Further, one can retrieve the state sequence used to generate the data by performing an adjustment:

# Generate a random sample from a HMM
pois.HMM.generate.sample  <- function(ns, mod) {
  mvect <- 1:mod$m
  state <- numeric(ns)
  state[1] <- sample(mvect, 1, prob = mod$delta)
  for (i in 2:ns) {
    state[i] <- sample(mvect, 1, prob = mod$gamma[state[i - 1], ])
  }
  x <- rpois(ns, lambda = mod$lambda[state])
  return(list(data = x, state = state))
}

The results are returned in a list to simplify usage, as the intuitive way (c(x, state)) would append the state sequence to the data.

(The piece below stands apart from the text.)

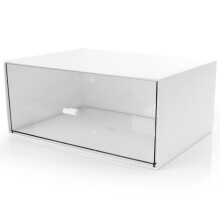 kulusion Desk Drawer Organizer Stackable Storage Drawers Plastic White Desk Organizers Great for Makeup Storage Bathroom Organization Accessories E
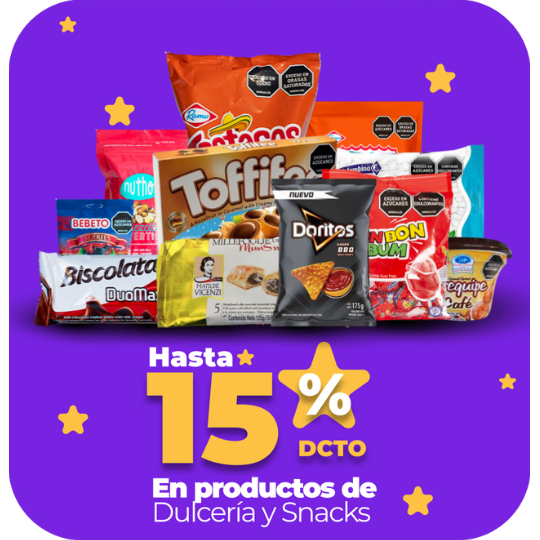 Productos de dulcería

In practice, HMMs sometimes cannot be estimated on generated samples. To deal with this, we can generate a new sample as long as HMMs cannot be estimated on it, with the help of this more resilient function which can easily be adapted to different needs. Natural parameter estimates are returned for convenience. The argument test_marqLevAlg decides if convergence of marqLevAlg is required. The argument std_error decides if standard errors are returned along with TMB’s estimates. This function relies on the custom function TMB.estimate which is a wrapper of nlminb made for Poisson HMM estimation via TMB.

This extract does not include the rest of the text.